CS:The process expertise comes in play at both ends of the spectrum. On the corporate reorganization stuff, one has to have a very sophisticated assessment of the strategic changes that the company wants to make and to be able to make the judgment that if they can make these strategic changes, then that’s the right decision and the company can get back to where it needs to be.
So that requires a good understanding of the underlying business, an outstanding understanding of strategy and the ability to assess management’s ability to execute. And quite often this is paired with a change in management and so you have to be able to understand the change in management and the people that invest in distressed (companies) though because of the process orientation of it typically are generalists. So they’re the people that have to pick up things quickly, which is another key skill, so they have to look at an industry that they may not have looked at before or they may not have looked at recently and quickly come up to speed in terms of the dynamics of that industry.
It also requires a fair amount of courage because things have been going so badly for so long that the conventional wisdom will be that things will continue to go badly and this type of investing that some people would call contrarian investing where you have the intellectual courage to stand up to the crowd and go the other way. Contrarian investing in its most majorative sense is to just say to someone that you’re a contrarian investor because you just do the opposite of what everyone else is doing, which in certain markets can be a very profitable strategy in and of itself, not as intellectually appealing to say that you’re a sophisticated guy that understands all this stuff.

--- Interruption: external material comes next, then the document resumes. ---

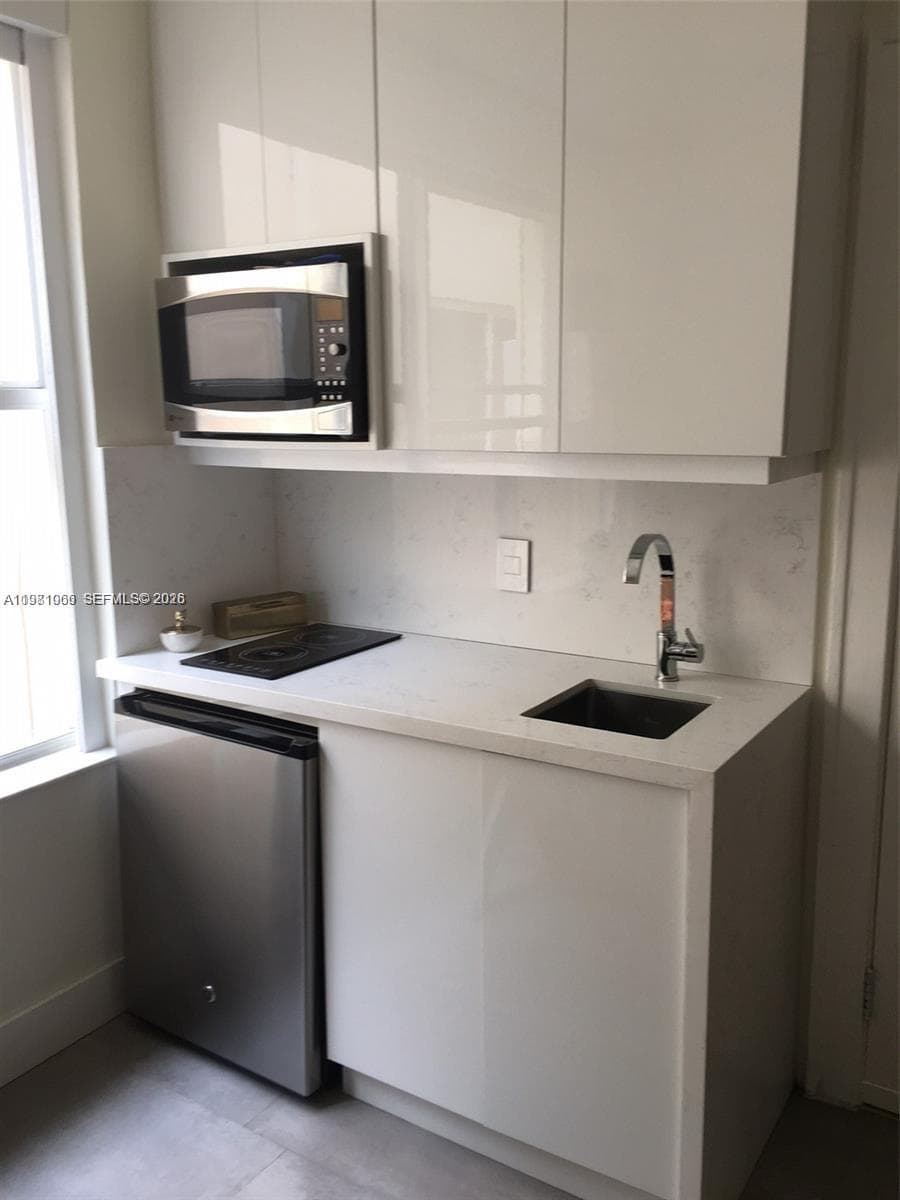 119 Menores Ave # 8A, Coral Gables FL 33134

The real process imperative for a distressed investor comes when a company can’t rebalance or can’t renegotiate its balance sheet outside of the protection of the courtroom and seeks protection inside of a formal insolvency process. Because you have to understand the dynamic between the different creditors in the structure, you have to understand a more specific sense of the valuation of the company, current and prospective and you actually have to understand a fair bit about the process of chapter 11 and all the different aspects of chapter 11. So who gets to control the plan for taking this company outside of insolvency protection. How long does that particular constituency get to control the plan? What kind of financing is available to them? Because they’re going to need ongoing financing. Who can try to repossess their assets and at what point? What are the different rights and obligations of creditors based upon their differing contractual nature? And that is something that just comes with experience, you really can’t learn that from a textbook.